Equities trading revenue came in at $2.15 billion ($2.11 billion expected).
- This was down 8% from the year-ago quarter, reflecting reduced volumes in Asia but partially offset by better performance in Europe and the US, the firm said.
Total investment banking revenue was $1.11 billion ($1.10 billion expected), down 23% from last year.
- Advisory revenues were up 17% from last year on higher levels of completed M&A, while equity underwriting revenues were down 46% from the year-ago quarter, which the firm said reflected lower market volumes. Debt underwriting was down 35% on lower bond and loan fees.
Wealth management revenues of $3.81 billion were down 2% from $3.88 billion a year ago.

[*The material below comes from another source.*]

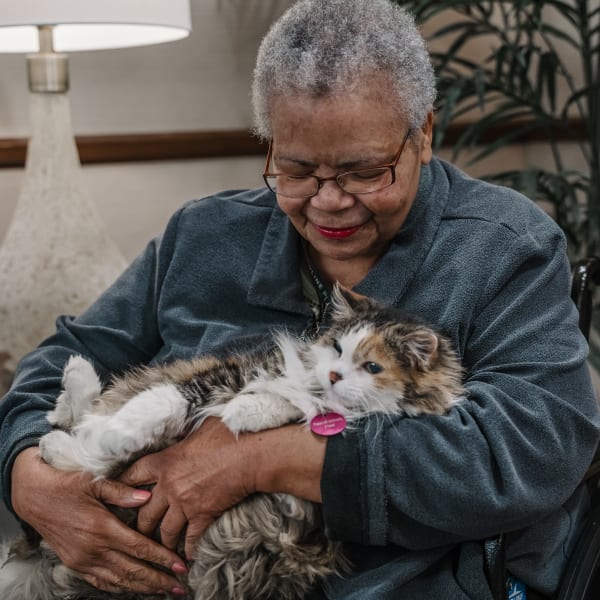 One of our active residents carrying his lovable cat at Highline Place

In the same quarter last year, Morgan Stanley reported earnings per share of $0.85 ($0.74 expected) on revenue of $9.7 billion ($9.14 billion expected). Excluding one-time items, earnings per share were $0.79.
In the first quarter, Morgan Stanley beat expectations but profit dropped by more than 50%. It reported diluted earnings per share of $0.55 ($0.47 expected) on revenue of $7.88 billion ($7.76 billion expected).
The big story during the second quarter was the UK’s decision in June to leave the European Union, which sent shockwaves through markets and could deter central banks from raising interest rates anytime soon.
In the short term, that appears to have been good news for banks’ trading revenues, but the long-term impacts are less rosy. Bank profitability is based largely on the rate at which banks make loans. Lower global interest rates, in turn, negatively affect bank bottom lines.